### DESCRIPTION OF THE TASK
The line containing "Antes e depois de aluna do protocolo", plus every line that follows it to the end of the listing below, is what you transcribe exactly; omit all pictures.

-------- RECORDS FOR THE EXERCISE

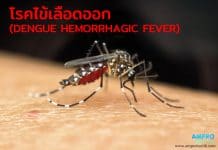 ไข้เลือดออก ( Dengue hemorrhagic fever ) ไข้เลือดออก ( Dengue hemorrhagic fever )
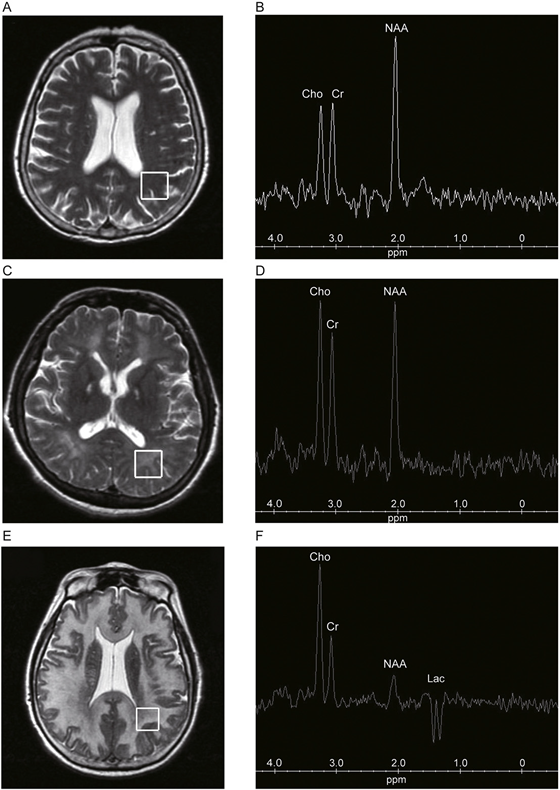 Figure 2. Alteration of 1H-MRS parameters in patients with drug intoxication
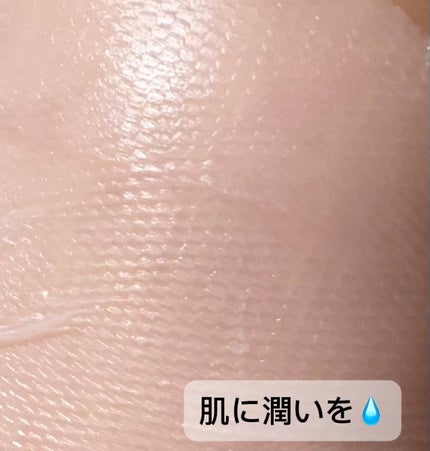 トラブルパッチマスク/EIOM/その他スキンケアを使ったクチコミ(5枚目)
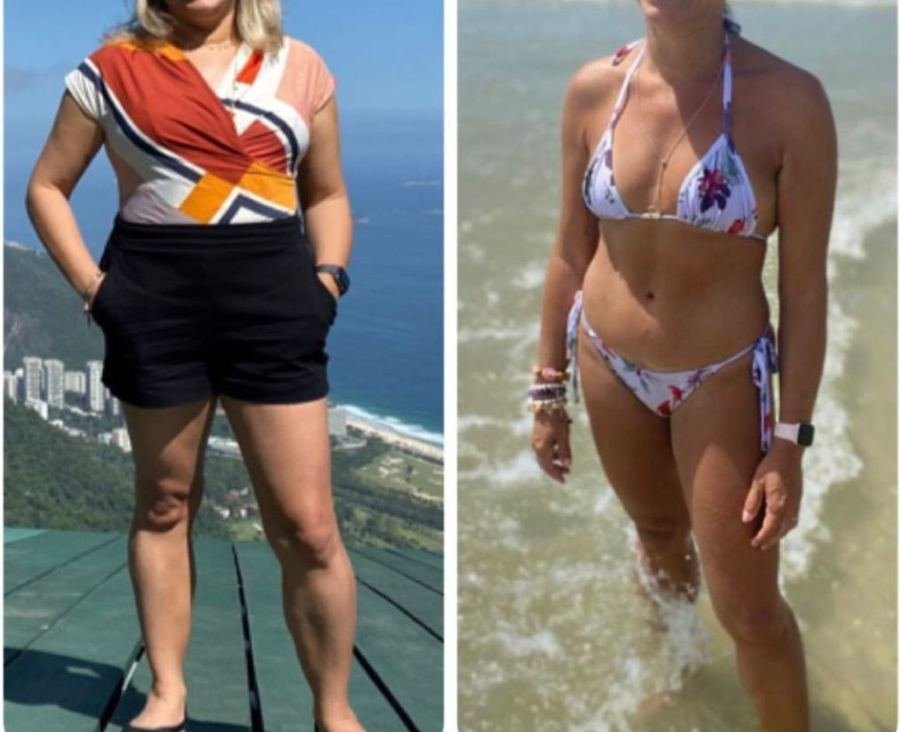Antes e depois de aluna do protocolo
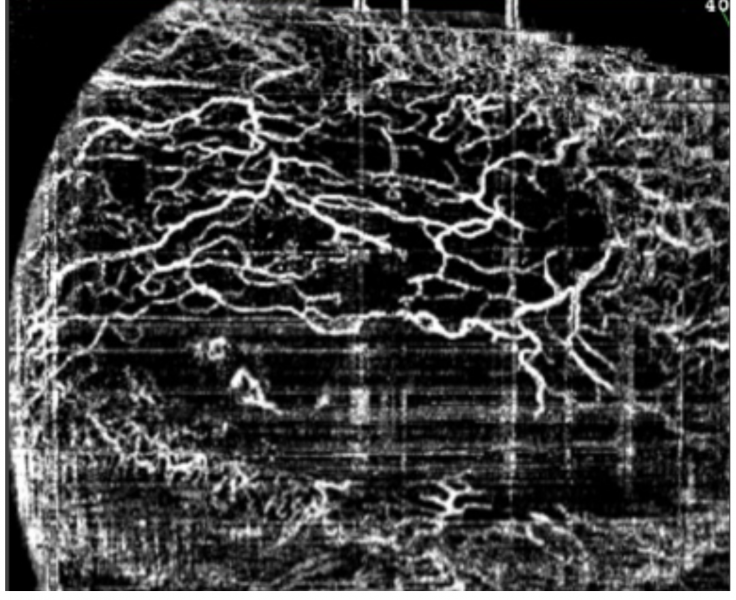 File:Fig 7.3 anamiguel octa bleb.png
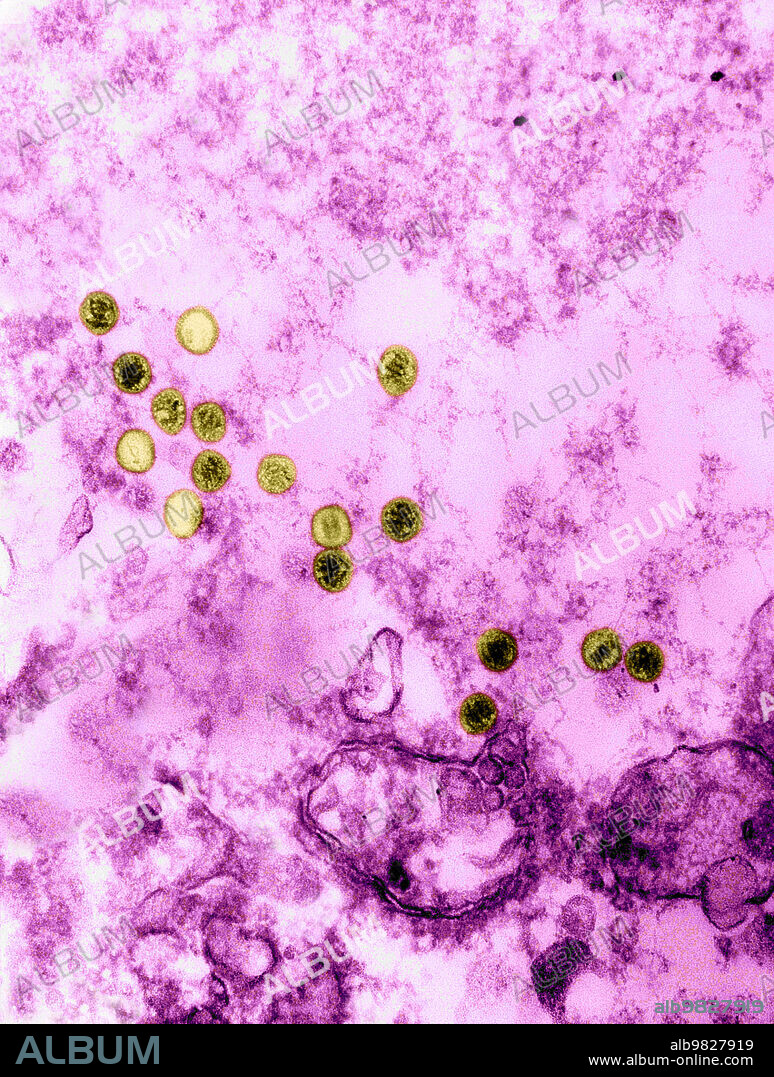 Transmission Electron Micrograph (TEM) revealing the presence of numerous Epstein-Barr virus (EBV) virions. The Epstein‚ÄìBarr virus (EBV), also called human herpesvirus 4 (HHV-4), is one of eight known human herpesvirus types in the herpes family, and is one of the most common viruses in humans.It is best known as the cause of infectious mononucleosis (glandular fever). It is also associated with particular forms of cancer, such as Hodgkin's lymphoma, Burkitt's lymphoma, gastric cancer, nasopharyngeal carcinoma, and conditions associated with human immunodeficiency virus (HIV), such as hairy leukoplakia and central nervous system lymphomas. Some 200,000 cancer cases per year are thought to be attributable to EBV. Infection with EBV occurs by the oral transfer of saliva and genital secretions. EBV is a double-stranded DNA (dsDNA) virus. Magnification: unknown.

----------------

### TASK OUTPUT
Antes e depois de aluna do protocolo
 File:Fig 7.3 anamiguel octa bleb.png
 Transmission Electron Micrograph (TEM) revealing the presence of numerous Epstein-Barr virus (EBV) virions. The Epstein‚ÄìBarr virus (EBV), also called human herpesvirus 4 (HHV-4), is one of eight known human herpesvirus types in the herpes family, and is one of the most common viruses in humans.It is best known as the cause of infectious mononucleosis (glandular fever). It is also associated with particular forms of cancer, such as Hodgkin's lymphoma, Burkitt's lymphoma, gastric cancer, nasopharyngeal carcinoma, and conditions associated with human immunodeficiency virus (HIV), such as hairy leukoplakia and central nervous system lymphomas. Some 200,000 cancer cases per year are thought to be attributable to EBV. Infection with EBV occurs by the oral transfer of saliva and genital secretions. EBV is a double-stranded DNA (dsDNA) virus. Magnification: unknown.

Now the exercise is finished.